Description
In the new missing values support, and especially while implementing the BooleanArray (#29555), the question comes up: what should any
and all
do in presence of missing values?
edit from Tom: Here's a proposed table of behavior
case | input | output |
---|---|---|
1. | all([True, NA], skipna=False) |
NA |
2. | all([False, NA], skipna=False) |
False |
3. | all([NA], skipna=False) |
NA |
4. | all([], skipna=False) |
True |
5. | any([True, NA], skipna=False) |
True |
6. | any([False, NA], skipna=False) |
NA |
7. | any([NA], skipna=False) |
NA |
8. | any([], skipna=False) |
False |
case | input | output |
---|---|---|
9. | all([True, NA], skipna=True) |
True |
10. | all([False, NA], skipna=True) |
False |
11. | all([NA], skipna=True) |
True |
12. | all([], skipna=True) |
True |
13. | any([True, NA], skipna=True) |
True |
14. | any([False, NA], skipna=True) |
False |
15. | any([NA], skipna=True) |
False |
16. | any([], skipna=True) |
False |
Some context:
Currently, if having bools with NaNs, you end up with a object dtype, and the behaviour of any
/all
with object dtype has all kinds of corner cases. @xhochy recently opened #27709 for this (but opening a new issue since want to focus here the behaviour in boolean dtype, the behaviour in object dtype might still deviate)
The documentation of any
says (https://dev.pandas.io/docs/reference/api/pandas.Series.any.html)

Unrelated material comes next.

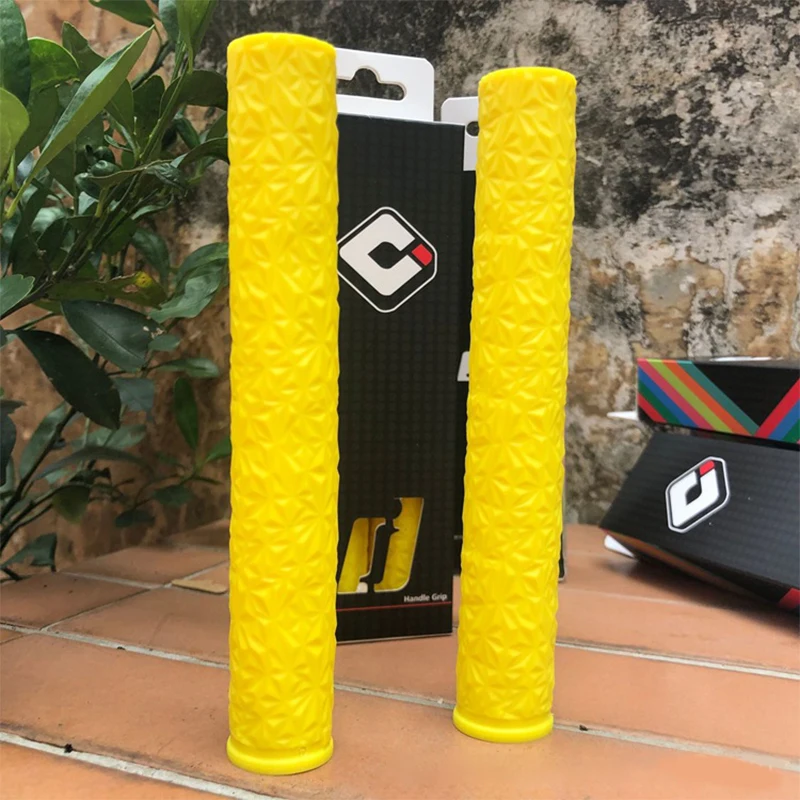 ODI Grip Super Long Soft Bike Handlebar Grips Light Weight Cycling Bar Grip for 22.2mm Folding Bike MTB Balance Bicycle 6.3in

Return whether any element is True, potentially over an axis.
Returns False unless there at least one element within a series or along a Dataframe axis that is True or equivalent (e.g. non-zero or non-empty).
...
skipna : bool, default True
Exclude NA/null values. If the entire row/column is NA and skipna is True, then the result will be False, as for an empty row/column. If skipna is False, then NA are treated as True, because these are not equal to zero.
and similar for all
(https://dev.pandas.io/docs/reference/api/pandas.Series.all.html).
Default behaviour with skipna=True
in case of some NA's and some True/False values, I think the behaviour is clear: any
/all
are reductions, and in pandas we use skipna=True
for reductions.
So you get something like this:
(I am still using np.nan
here as missing value, since the pd.NA PR is not yet merged / combined with the BooleanArray PR; but let's focus on return value)

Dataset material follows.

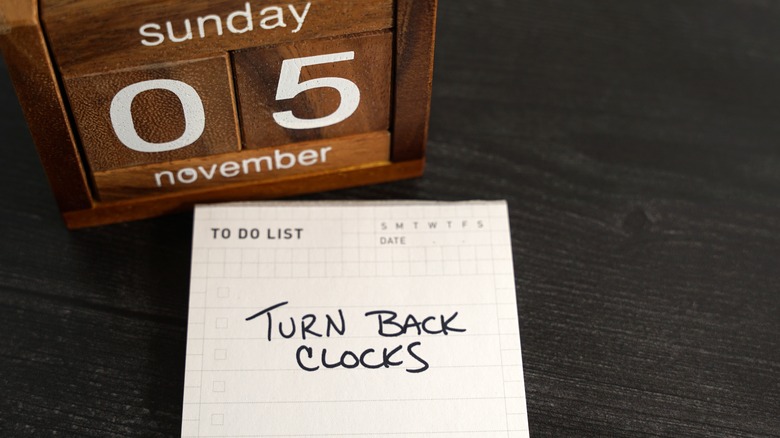 Daylight savings end reminder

In [2]: pd.Series([True, False, np.nan]).any()
Out[2]: True
In [3]: pd.Series([True, False, np.nan]).all()
Out[3]: False
In [4]: pd.Series([True, True, np.nan]).all()
Out[4]: True
(although when interpreting NA as "unknown", it might look a bit strange to return True in the last case since the NA might still be True or False)
Behaviour for all-NA in case of skipna=True
This is a case that is described in the current docs: "If the entire row/column is NA and skipna is True, then the result will be False, as for an empty row/column", and is indeed consistent with skipping all NAs -> any/all of empty set.

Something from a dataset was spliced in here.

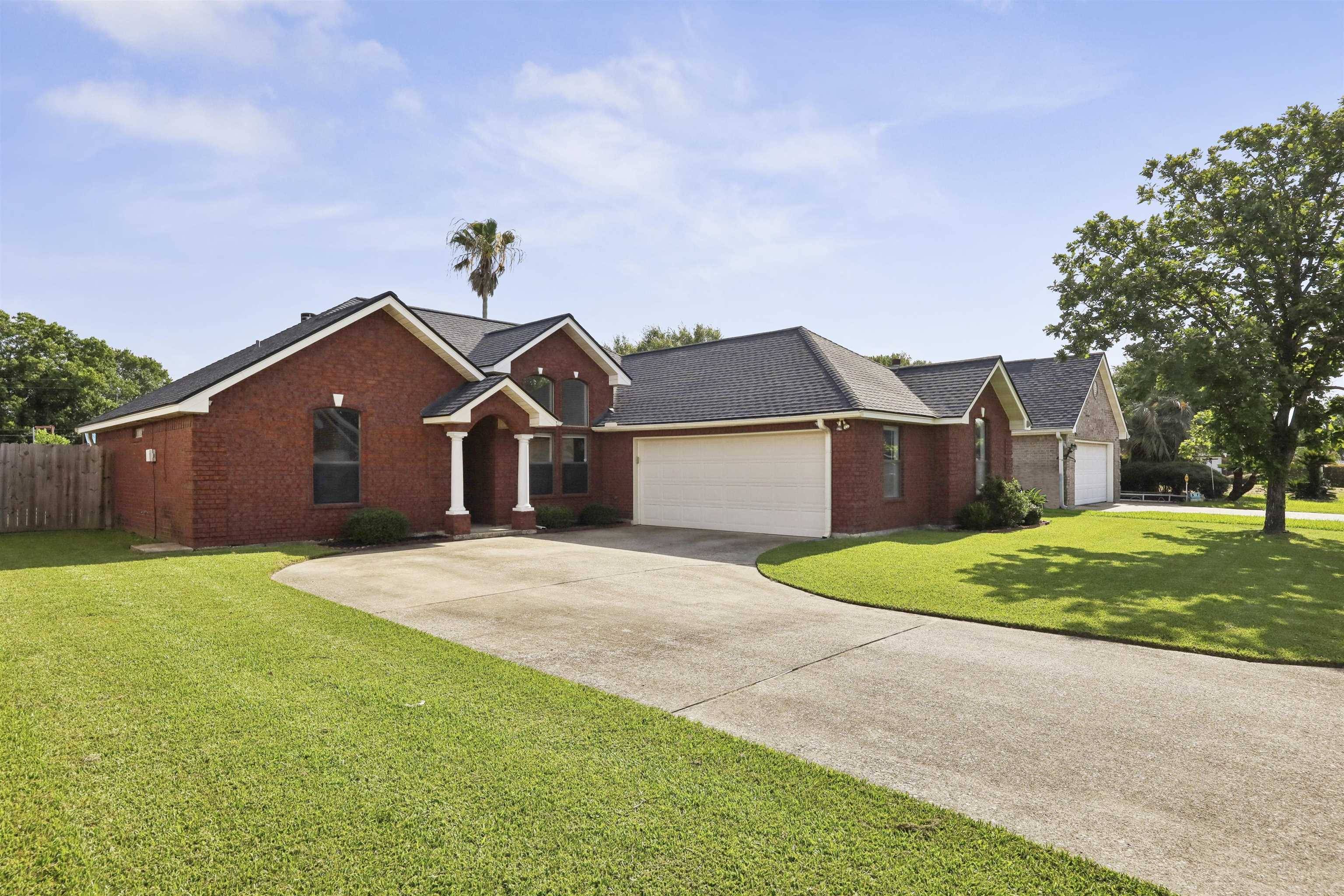 Bridge City, TX 77611,505 Shannon's Way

And then, we follow numpy's behaviour (False for any
, True for all
):
In [8]: np.array([], dtype=bool).any()
Out[8]: False
In [9]: np.array([], dtype=bool).all()
Out[9]: True
(although I don't find this necessarily very intuitive, this seems more a consequence of the algorithm starting with a base "identity" value of False/True for any/all)
Behaviour with skipna=False
Here comes the more tricky part. Currently, with object dtype, we have some buggy behaviour (see #27709), and it depends on the order of the values and which missing value (np.nan or None) is used.
With BooleanArray we won't have this problem (there is only a single NA + we don't need to rely on numpy's buggy object dtype behaviour). But I am not sure we should follow what is currently in the docs:
If skipna is False, then NA are treated as True, because these are not equal to zero.
This follows from numpy's behaviour with floats:
In [10]: np.array([0, np.nan]).any()
Out[10]: True
and while this might make sense in float context, I am not sure we should follow this behaviour and our docs and do:
>>> pd.Series([False, pd.NA], dtype="boolean").any()
True
I think this should rather give False or NA instead of True.
While for object dtype it might make sense to align the behaviour with float (as argued in #27709 (comment)), for a boolean dtype we can probably use the behaviour we defined for NA in logical operations (eg False | NA = NA
, so in that case, the above should give NA).
But are we ok with any
/all
not returning a boolean in this case? (note, you only have this if someone specifically set skipna=False
)